╭─ Dataset excerpt

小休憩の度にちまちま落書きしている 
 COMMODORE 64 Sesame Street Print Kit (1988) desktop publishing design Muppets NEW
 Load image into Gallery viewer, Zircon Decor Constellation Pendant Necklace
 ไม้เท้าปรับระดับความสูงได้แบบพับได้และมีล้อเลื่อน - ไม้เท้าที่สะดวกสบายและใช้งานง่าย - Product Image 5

╰─

Required work: Type out the whole of the data again, exactly as shown.

Answer to this exercise:
小休憩の度にちまちま落書きしている 
 COMMODORE 64 Sesame Street Print Kit (1988) desktop publishing design Muppets NEW
 Load image into Gallery viewer, Zircon Decor Constellation Pendant Necklace
 ไม้เท้าปรับระดับความสูงได้แบบพับได้และมีล้อเลื่อน - ไม้เท้าที่สะดวกสบายและใช้งานง่าย - Product Image 5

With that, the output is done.